▶ **Work to complete**
Please report every line in the entries that contains the string "from".

—————

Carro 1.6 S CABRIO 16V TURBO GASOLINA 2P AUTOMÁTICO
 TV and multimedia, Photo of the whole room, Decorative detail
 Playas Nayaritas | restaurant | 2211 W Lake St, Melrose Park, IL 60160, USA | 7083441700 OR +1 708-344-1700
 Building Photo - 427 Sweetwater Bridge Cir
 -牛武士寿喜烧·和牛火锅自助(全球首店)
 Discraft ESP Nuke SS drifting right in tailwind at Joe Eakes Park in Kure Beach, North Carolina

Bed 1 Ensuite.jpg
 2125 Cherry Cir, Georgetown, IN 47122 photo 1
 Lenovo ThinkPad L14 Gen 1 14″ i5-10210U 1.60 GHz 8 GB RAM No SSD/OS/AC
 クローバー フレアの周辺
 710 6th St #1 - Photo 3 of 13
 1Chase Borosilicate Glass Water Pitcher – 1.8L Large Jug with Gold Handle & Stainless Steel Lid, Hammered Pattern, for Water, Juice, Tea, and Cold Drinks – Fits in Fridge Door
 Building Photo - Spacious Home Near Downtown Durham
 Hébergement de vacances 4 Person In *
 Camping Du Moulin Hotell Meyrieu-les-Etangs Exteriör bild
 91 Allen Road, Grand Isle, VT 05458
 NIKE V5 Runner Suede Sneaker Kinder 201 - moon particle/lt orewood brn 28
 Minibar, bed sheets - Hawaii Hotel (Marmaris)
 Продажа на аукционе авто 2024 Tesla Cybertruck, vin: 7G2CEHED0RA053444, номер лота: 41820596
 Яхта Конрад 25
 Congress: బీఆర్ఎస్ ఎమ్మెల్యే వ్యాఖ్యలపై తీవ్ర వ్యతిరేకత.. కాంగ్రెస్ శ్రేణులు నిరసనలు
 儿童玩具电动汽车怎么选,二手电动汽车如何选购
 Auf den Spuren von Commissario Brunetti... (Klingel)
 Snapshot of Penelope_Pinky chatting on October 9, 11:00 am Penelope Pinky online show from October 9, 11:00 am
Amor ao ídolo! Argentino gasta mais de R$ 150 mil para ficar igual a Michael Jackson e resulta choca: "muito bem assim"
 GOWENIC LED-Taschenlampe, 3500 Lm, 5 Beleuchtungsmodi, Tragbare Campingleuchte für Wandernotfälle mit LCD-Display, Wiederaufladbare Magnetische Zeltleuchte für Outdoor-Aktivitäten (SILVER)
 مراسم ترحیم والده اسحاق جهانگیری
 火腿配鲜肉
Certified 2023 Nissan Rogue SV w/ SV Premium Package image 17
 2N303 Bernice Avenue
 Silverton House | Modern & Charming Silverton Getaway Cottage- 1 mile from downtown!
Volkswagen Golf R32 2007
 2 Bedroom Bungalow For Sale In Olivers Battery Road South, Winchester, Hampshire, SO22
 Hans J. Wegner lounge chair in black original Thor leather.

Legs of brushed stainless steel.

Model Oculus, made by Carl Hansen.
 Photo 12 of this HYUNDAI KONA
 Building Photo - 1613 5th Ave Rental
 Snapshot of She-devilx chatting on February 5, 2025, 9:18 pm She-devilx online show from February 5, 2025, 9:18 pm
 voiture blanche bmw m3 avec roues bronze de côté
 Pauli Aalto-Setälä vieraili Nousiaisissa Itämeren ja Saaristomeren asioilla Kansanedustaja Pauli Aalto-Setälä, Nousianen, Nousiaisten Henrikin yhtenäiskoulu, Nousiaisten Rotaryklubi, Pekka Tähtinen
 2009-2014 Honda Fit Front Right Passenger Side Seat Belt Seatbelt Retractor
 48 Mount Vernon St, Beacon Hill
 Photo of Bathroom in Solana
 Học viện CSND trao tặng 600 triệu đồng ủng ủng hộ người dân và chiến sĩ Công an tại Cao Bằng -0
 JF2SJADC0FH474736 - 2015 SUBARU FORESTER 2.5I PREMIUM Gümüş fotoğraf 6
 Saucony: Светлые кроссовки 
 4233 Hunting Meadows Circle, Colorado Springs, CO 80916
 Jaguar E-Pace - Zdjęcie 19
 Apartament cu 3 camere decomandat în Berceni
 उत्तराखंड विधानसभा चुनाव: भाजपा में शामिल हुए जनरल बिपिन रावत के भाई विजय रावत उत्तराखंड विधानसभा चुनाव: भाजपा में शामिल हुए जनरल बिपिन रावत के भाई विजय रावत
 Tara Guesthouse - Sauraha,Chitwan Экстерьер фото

—————

▶ **Output for this exercise**
 Snapshot of Penelope_Pinky chatting on October 9, 11:00 am Penelope Pinky online show from October 9, 11:00 am
 Silverton House | Modern & Charming Silverton Getaway Cottage- 1 mile from downtown!
 Snapshot of She-devilx chatting on February 5, 2025, 9:18 pm She-devilx online show from February 5, 2025, 9:18 pm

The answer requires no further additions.